• EXERCISE INSTRUCTIONS: Would you return exactly the lines below from the line with "Front View Thumbnail" through the line with "JSB EXACT JUMBO", both included, and nothing else, leaving out the pictures?

INFORMATION SHOWN Start Marker

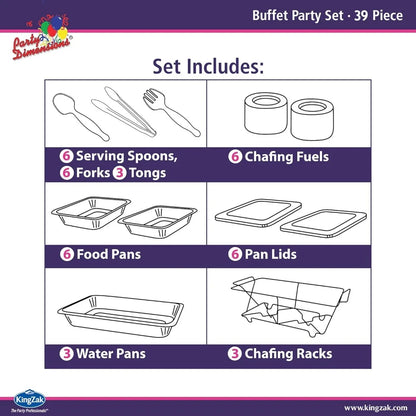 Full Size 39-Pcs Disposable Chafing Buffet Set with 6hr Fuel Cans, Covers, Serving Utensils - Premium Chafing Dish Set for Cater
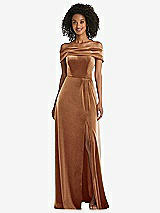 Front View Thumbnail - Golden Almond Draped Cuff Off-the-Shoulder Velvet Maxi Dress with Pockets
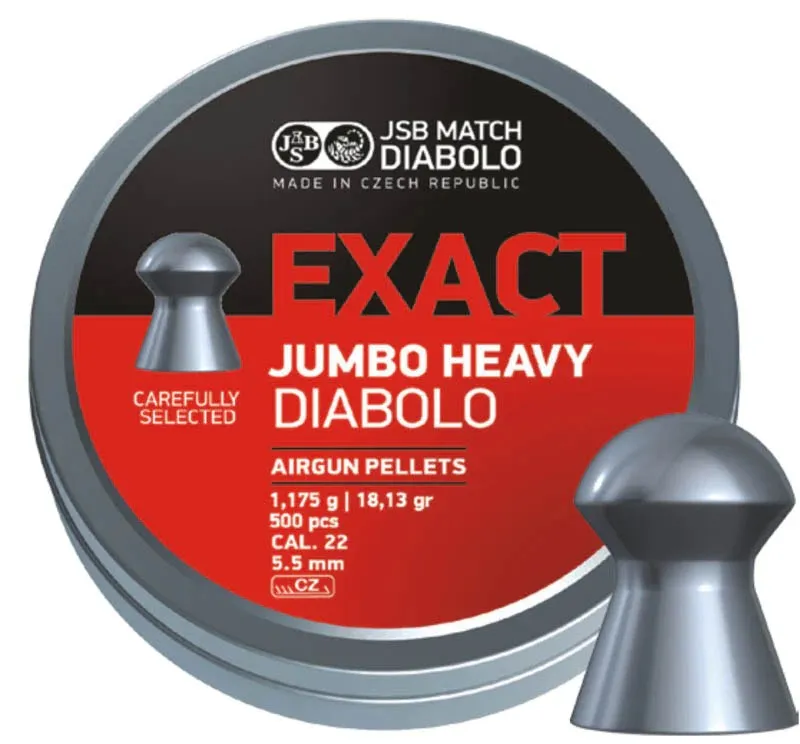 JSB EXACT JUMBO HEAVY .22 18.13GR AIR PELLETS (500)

INFORMATION SHOWN End Marker
INFORMATION SHOWN Start Marker

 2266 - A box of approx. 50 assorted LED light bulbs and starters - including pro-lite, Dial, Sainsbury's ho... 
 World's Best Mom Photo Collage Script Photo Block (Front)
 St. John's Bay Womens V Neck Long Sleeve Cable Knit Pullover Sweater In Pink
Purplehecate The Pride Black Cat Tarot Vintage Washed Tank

INFORMATION SHOWN End Marker

• WRITTEN REPLY:
 Front View Thumbnail - Golden Almond Draped Cuff Off-the-Shoulder Velvet Maxi Dress with Pockets
 JSB EXACT JUMBO HEAVY .22 18.13GR AIR PELLETS (500)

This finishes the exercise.